* [Required action] The entries are to be reproduced verbatim, with all pictures omitted.

* [Extracted data]
◆ ◆ ◆ ◆ ◆ ◆ ◆

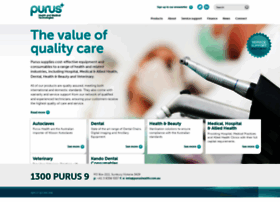 Purushealth.com.au thumbnail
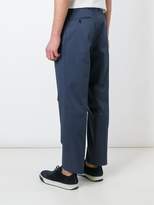 Thumbnail for your product : Canali tailored trousers
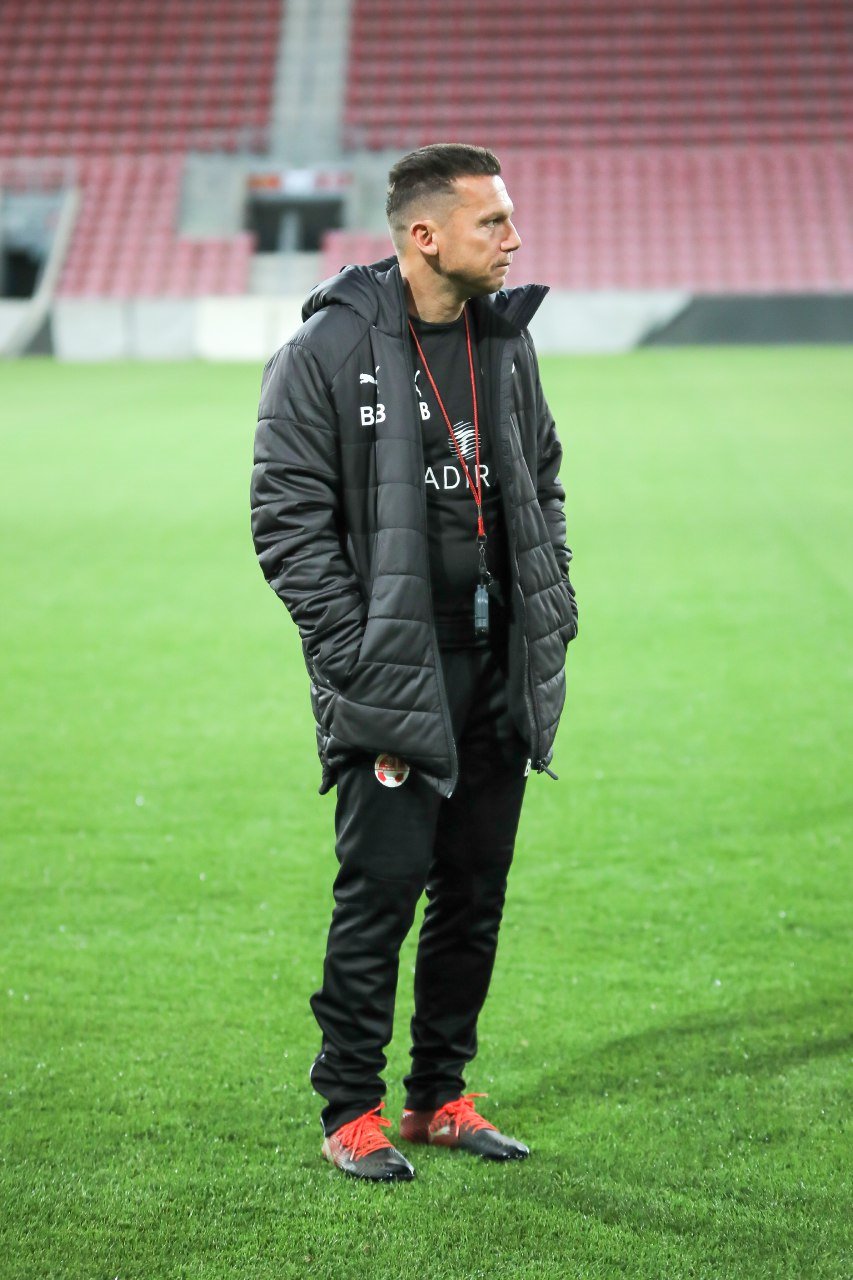 ברק בכר משנה גישה. צילום: זאב דיקמן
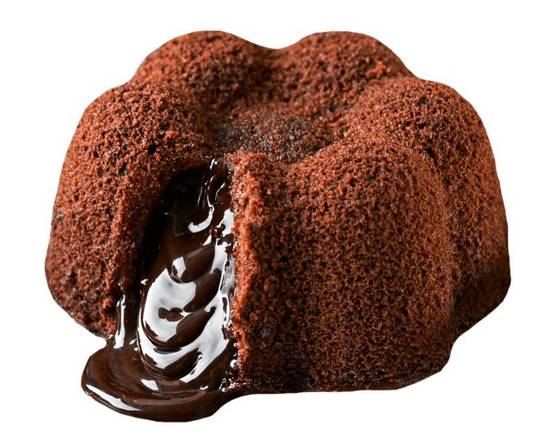 CHOCOLATE LAVA CAKE (2 PACK)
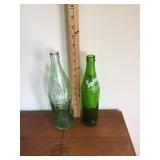 Large Glass Soda Bottles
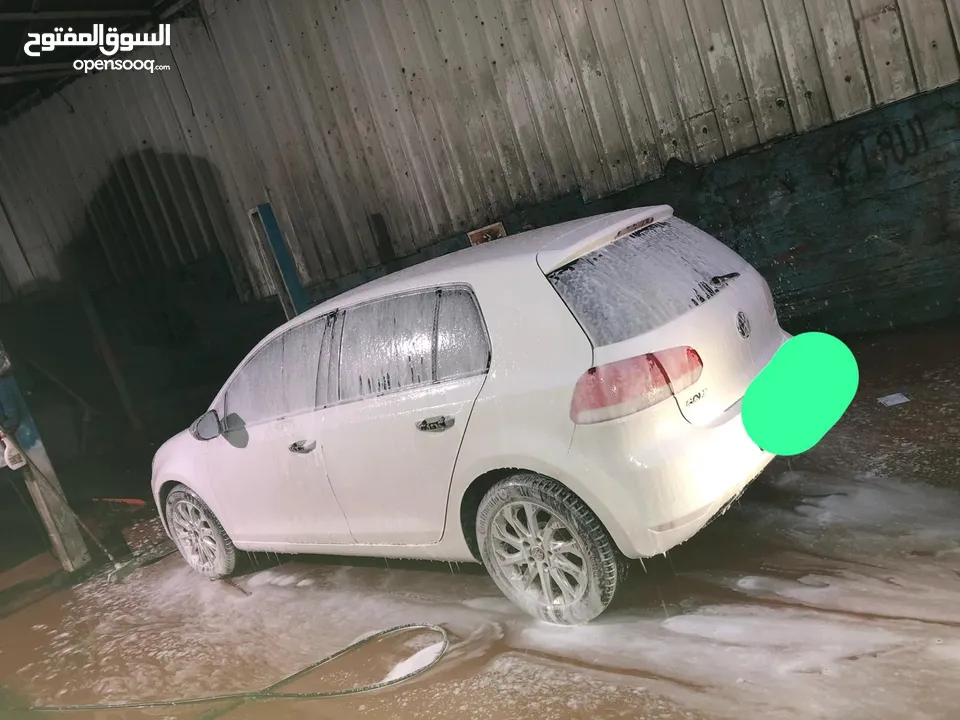 فولسفاغن جولف 2011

◆ ◆ ◆ ◆ ◆ ◆ ◆

* [Answer to the problem]
 Purushealth.com.au thumbnail
 Thumbnail for your product : Canali tailored trousers
 ברק בכר משנה גישה. צילום: זאב דיקמן
 CHOCOLATE LAVA CAKE (2 PACK)
 Large Glass Soda Bottles
 فولسفاغن جولف 2011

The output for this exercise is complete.